Taking tea with Agnes that evening, back at the old lady’s seaside retreat, Melanie felt she was about to take a seven-league stride in her life.  She wished for it, even relished it.   She had met with someone who could be a big part of her future:  if she could only just bear the next twelve hours – then she would be with him again!

In early evening with the sun still bright, Melanie left Agnes to her book and took a walk along the shore of the little bay.  She did not want, particularly, to return to the chill, blighted harbour beyond the tunnel, but her steps seemed to draw her there.    It was as if the two adjacent arms of the sea were connected in some way other than the physical – as though the tunnel somehow formed a link between the present and the past. Was this how she had performed her small ‘miracle of the steps’ that morning?   But if she hoped, emerging from dark tunnel to scant light on the harbour side, that she might see the little place as it had been in happier times – bustling with fisher folk, landing boxes crammed with the sea’s rich pickings, she was to be disappointed.  The tiny harbour was cold and deserted.

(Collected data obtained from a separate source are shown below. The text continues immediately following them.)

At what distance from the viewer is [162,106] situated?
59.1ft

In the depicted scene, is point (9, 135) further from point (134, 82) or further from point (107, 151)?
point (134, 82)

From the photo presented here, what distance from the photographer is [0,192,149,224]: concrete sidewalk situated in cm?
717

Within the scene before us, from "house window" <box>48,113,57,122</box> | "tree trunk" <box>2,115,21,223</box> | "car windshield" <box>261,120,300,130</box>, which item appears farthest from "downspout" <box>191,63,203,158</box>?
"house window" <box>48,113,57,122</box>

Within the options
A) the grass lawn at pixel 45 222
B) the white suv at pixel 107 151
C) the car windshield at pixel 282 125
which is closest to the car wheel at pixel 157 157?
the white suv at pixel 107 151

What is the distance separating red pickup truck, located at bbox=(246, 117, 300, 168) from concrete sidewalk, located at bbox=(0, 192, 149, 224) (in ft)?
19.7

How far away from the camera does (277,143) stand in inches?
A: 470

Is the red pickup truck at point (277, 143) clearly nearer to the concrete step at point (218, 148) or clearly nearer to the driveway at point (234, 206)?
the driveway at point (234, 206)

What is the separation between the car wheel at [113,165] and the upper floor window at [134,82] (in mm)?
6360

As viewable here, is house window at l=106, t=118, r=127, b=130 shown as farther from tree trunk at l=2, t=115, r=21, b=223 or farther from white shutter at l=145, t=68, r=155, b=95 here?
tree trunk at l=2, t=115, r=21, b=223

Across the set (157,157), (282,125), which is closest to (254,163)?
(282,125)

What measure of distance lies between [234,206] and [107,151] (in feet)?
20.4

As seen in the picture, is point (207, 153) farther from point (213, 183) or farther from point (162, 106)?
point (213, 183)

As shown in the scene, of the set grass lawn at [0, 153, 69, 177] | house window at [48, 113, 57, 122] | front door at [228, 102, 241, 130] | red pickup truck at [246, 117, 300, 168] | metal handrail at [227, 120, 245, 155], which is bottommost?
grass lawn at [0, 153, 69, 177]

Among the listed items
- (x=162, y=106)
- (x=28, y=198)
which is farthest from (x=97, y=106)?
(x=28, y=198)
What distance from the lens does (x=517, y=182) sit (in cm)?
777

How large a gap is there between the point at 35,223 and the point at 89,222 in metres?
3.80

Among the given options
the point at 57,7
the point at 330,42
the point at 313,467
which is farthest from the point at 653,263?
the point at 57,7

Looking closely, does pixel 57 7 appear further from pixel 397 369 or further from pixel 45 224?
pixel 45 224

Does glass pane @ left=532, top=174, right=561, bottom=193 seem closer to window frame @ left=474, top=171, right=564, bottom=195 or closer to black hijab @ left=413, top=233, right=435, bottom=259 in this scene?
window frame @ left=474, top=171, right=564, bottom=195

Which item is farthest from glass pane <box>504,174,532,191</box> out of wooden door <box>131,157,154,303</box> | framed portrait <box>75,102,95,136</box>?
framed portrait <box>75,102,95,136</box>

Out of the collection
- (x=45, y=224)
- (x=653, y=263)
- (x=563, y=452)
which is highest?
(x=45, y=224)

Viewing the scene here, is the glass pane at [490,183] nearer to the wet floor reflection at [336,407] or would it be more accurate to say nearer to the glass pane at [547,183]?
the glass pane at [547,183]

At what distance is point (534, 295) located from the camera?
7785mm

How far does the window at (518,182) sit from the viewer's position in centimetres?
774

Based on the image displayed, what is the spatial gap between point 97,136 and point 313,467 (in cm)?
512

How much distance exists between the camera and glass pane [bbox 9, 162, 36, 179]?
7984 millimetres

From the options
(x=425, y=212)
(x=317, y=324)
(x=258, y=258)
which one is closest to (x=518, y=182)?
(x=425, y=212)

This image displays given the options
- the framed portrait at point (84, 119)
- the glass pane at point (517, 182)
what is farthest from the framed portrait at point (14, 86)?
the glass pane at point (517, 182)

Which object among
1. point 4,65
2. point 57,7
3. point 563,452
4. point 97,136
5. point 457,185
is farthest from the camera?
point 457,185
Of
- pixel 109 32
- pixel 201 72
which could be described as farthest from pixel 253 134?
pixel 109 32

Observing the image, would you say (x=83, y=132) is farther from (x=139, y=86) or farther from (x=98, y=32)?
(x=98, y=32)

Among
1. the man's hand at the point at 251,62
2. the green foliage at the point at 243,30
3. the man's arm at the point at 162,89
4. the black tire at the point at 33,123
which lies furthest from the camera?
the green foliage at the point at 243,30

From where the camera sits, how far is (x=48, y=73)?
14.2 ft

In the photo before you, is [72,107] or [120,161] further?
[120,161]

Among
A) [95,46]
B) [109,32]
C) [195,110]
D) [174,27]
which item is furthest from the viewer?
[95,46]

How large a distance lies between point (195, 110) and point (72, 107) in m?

At the foot of the flight of steps she paused, half-expecting to be able to repeat her morning’s climb, but they were as she had seen them the day before, eroded and insurmountable; so she turned her attention seaward where, far off, a lonely boat bobbed, so tiny that it dipped from view often and again in the folds of ocean.  

“Where are you, Mel?”   Peter’s voice was at once distant and near; inside her head and yet as far away as that little boat.  She was neither surprised nor scared by it – it was Peter’s voice.  It came with a warm music she had heard before, and it was like a cup she might raise or put aside as she chose.  “Hello, Peter!”  Her mind replied.   She told him where she was, knowing it did not matter, for tomorrow she would be gone.   She did this because, through it all, her mum remained a tiny hook upon reality, an anchor she could draw in if she had to go back to all that one day.   And, after all, Karen was her mum.   She should not worry – her daughter was in charge of her world.  

Melanie scanned the tiny harbour one last time.   She would never, ever forget this place.   Shuddering, she turned away from that little piece of hell with honour in her heart for those had toiled there, but gladness that she would not return.

#

In the dusk high above Levenport a white gull wheeled and drifted with the freshening wind.   At any time in any day there might be a hundred such gulls in just this patch of heaven, but this day it was almost alone, for a couple of trawlers had discarded waste from their catch out in the bay, gathering its brethren in a screeching host.   Enjoying the wind, proud of its skill in riding it, the great bird seemed to dance to its own private music.  Over a town like Levenport there were wind eddies and thermals:  baffles provided by high buildings, warm, rising air from commercial flues, cold tunnels rushing in from the sea.   Swerving upward on a draught, almost stalling at the peak of the lift, delicately twitching the angle of its flight feathers into a dive before turning tail to a gust, hurtling forward like a graceful arrow and round again, this gull was simply playing: having fun.   Yet the bird’s eyes never rested.  It watched everything.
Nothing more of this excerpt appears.